You print the layout onto toner-transfer paper, which is a somewhat glossy coated paper whose gloss dissolves in water. You have to use a laser printer for this. If you have another sort of printer, or if you decided to draw the layout by hand, you can use a xerox machine to copy the image onto the transfer paper. The point is that the paper works with toner, but not with other kinds of ink.

Transferring the toner to the board is the tricky part. First clean and dry the board as described elsewhere in this node: it should be a bright pink color. Place the board, then the paper (aligned so that the artwork matches up with the board), then a thin towel or a napkin. Take a hot clothes iron — no steam! — and press it against this stack for a while. It will take a small amount of practice to learn how long to do this, how hard to press, how to do it without smudging the transfer, etc. 45 seconds is about right.

Once this is done, dunk the board and the paper (which will now be stuck to the board) into some water and wait. Eventually the paper will curl away from the board, leaving the diagram on the board. (If you've ever made kit models with decals, the process is similar.) Take the board out and dry it gently. Touch up any gaps or pinholes using a resist pen.

From this point, the toner transfer method is the same as the others: etch with ferric chloride or ammonium persulfate, wash thoroughly and scrub the toner off with steel wool, drill and cut if needed, and populate it.

Details and Asides

Cleaning the board can be done with fine steel wool without any solvents more noxious than isopropyl alcohol. Clean copper is very light in color, almost salmon pink. It oxidizes in air, so clean it shortly before you use it.

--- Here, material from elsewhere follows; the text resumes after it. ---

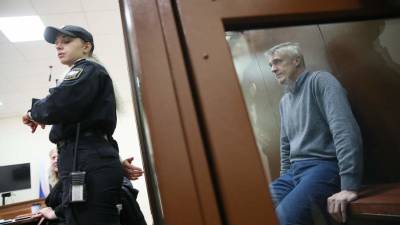 Дмитрий Песков - Майкл Калви - В Кремле оценили влияние дела Калви на российский бизнес - iz.ru - Россия - Израиль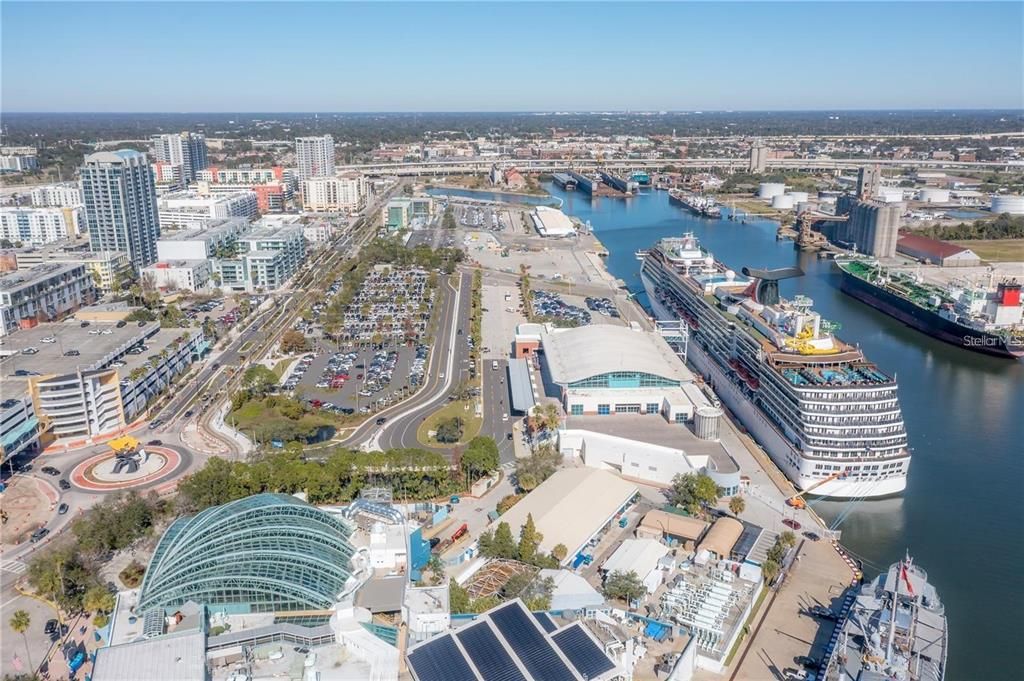 For Sale: $659,900 (2 beds, 2 baths, 1590 Square Feet)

The boards made using this method are good enough to use surface-mount packages such as SOIC or 0604 discretes. (You could probably go even smaller, if you're careful.) For some circuits — especially if you can use surface-mount parts to avoid having to drill holes — it's actually faster to make a board than it is to wire it up using normal prototyping techniques. And the final product is much nicer, smaller, and more rugged.